Cellular technology, especially GSM (Global System for Mobile communication), is incredibly advanced. Behind the very simple task of calling up on a mobile phone lies some amazing technology, and this article will delve into how cellular networks function. To simplify things, we’ll approach the problem in a top-down manner.
Your mobile phone at its very heart is a little more than a cordless phone that you use at home. Basically, it’s a radio transmitter that is used to send and receive information (voice, text messages, fax, data, etc) from its base station. In the case of cordless phones, the base usually sits inside the house and the cordless unit is able to function if it’s within the reach of its radio signal.
But if a mobile phone is similar to a cordless, where is its base station? The answer, as you probably know, are those tall towers that you see every couple of kilometers on the top of buildings. The base station serves as a ‘cell’ having a range spanning many kilometers in diameter. From here, another interesting question comes up. What happens when you move out of the range of one base station with a cellphone and enter another? This is where a very important capability of these networks comes into play. At any given point of time, the cellular network is constantly polling the phone to see which base station is best suited for it to be on.
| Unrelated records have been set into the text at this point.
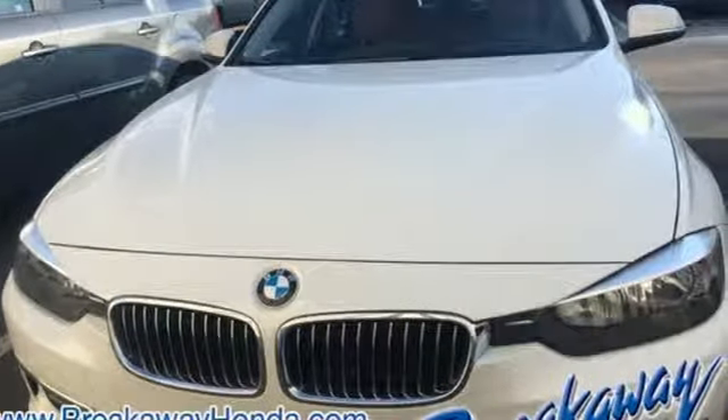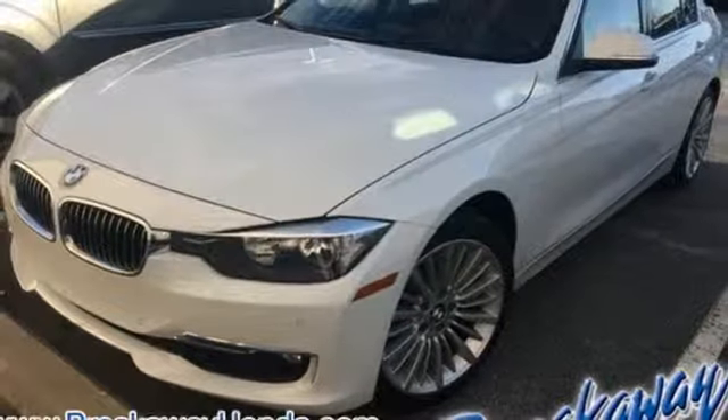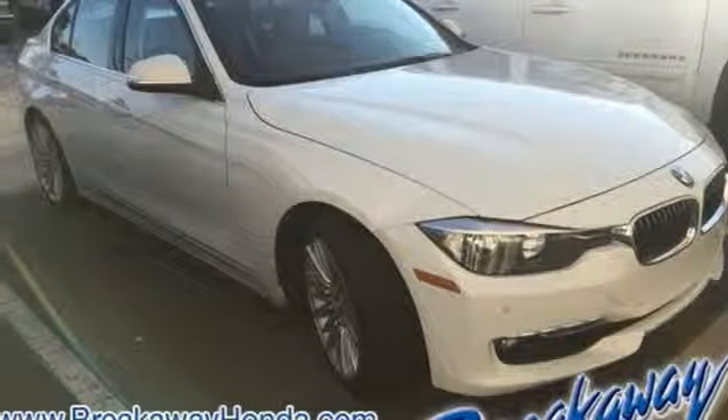It also features a universal garage door opener and dynamic stability and traction control. Get into the unbeatable combination of great looks and power with this 3 Series today.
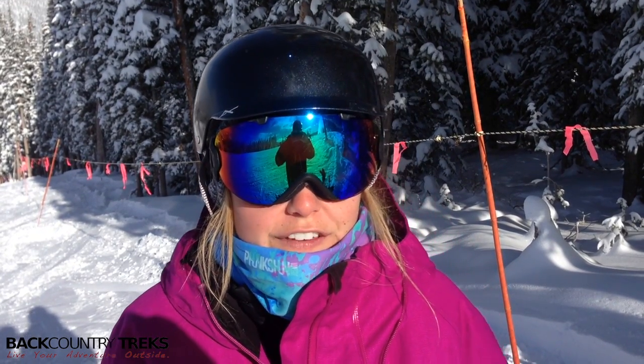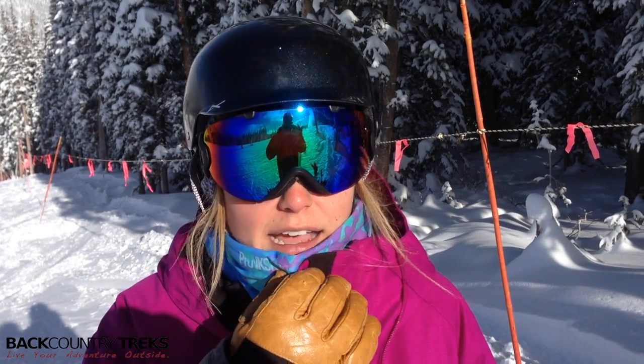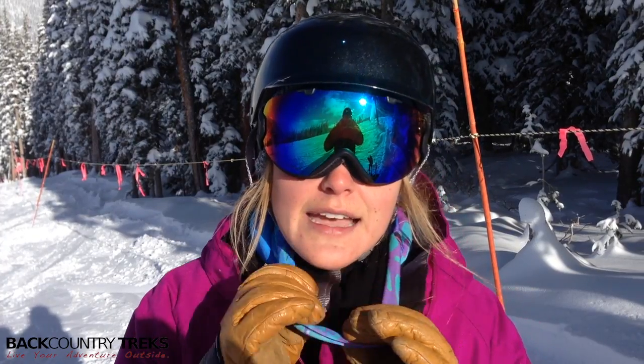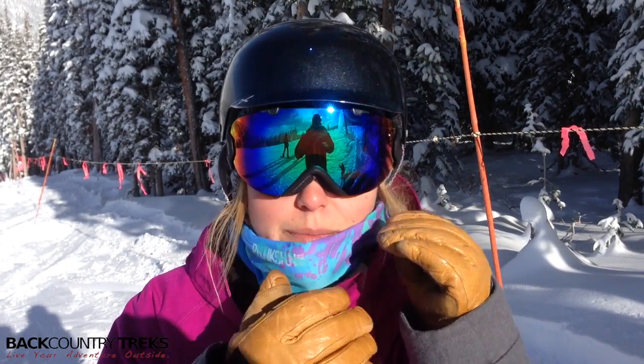These are UV50 protection, so that's really great — keeps your face protected from the sun. On a warmer day you probably wouldn't want to wear this. It's a little bit thick, as you can see the fleece liner in there, but for cold days it's absolutely perfect for me.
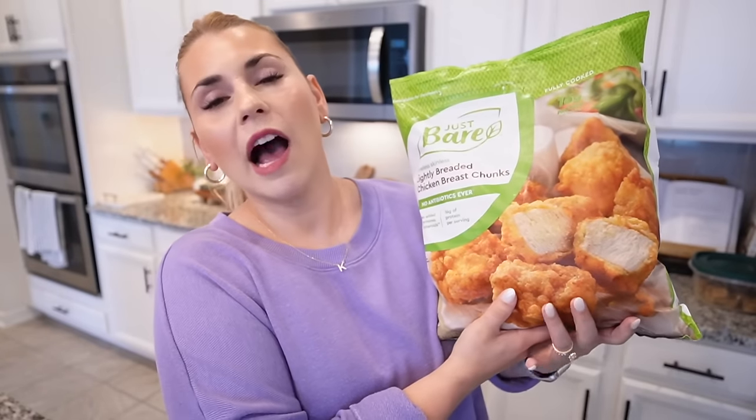One more freezer item — the Just Bare nuggets. These are the best nuggets you can get at the store. I do prefer the spicy ones, which they only sell at Publix, but these ones you can put Buffalo sauce on them and it's very similar. They're so good. If you like Chick-fil-A nuggets, you need to get these because that is exactly what they are — an exact dupe.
If the network sees that a phone is moving out of the range of one base station and consequently into the range of another, it automatically instructs it to start using the new base station, which by then is ready to accept its connection as well. This process is known as ‘hand-over’ and occurs within 400 ms, so that the subscriber is hardly aware of a break.
Now let’s see how cellphones make calls to other cellphones and landline numbers.
Mobile switching centers
Base stations are often organized in clusters that are collectively managed by Mobile Switching Centers (MSC). Each MSC of a cluster is connected to MSCs of other clusters and a PSTN (Public Switched Telephone Network). So when a cellphone makes a call, there’s a process of passing it to the nearest base station, which further sends it to the nearest MSC, which in turn contacts either other MSCs (if the call is to another mobile phone) or the PSTN (if call is to a landline). The process works in exactly the reverse way for incoming calls.
Arrangement of cells and frequency reuse
When a cellular network is being planned and designed, cells are usually denoted in the shape of hexagons. This is because while circles depict the range of a base station more accurately, hexagons can be fitted together in a jigsaw like fashion which eases planning. A network can be envisaged as a mesh of hexagonal cells, each with a base station at its center.
Cellular operators are assigned frequencies by the government and are not allowed to use anything outside that. To squeeze all the millions of subscribers into this (usually) tiny spectrum, frequencies must be reused in different areas of the network. This is done by ensuring that no two cellphones (or base stations) within the range of each other function at the same frequency. A common way of doing this is by using 7-cell clusters. In the figure, different letters show different frequencies. Depending on the network, 4, 12 or 21 cell clusters can also be used.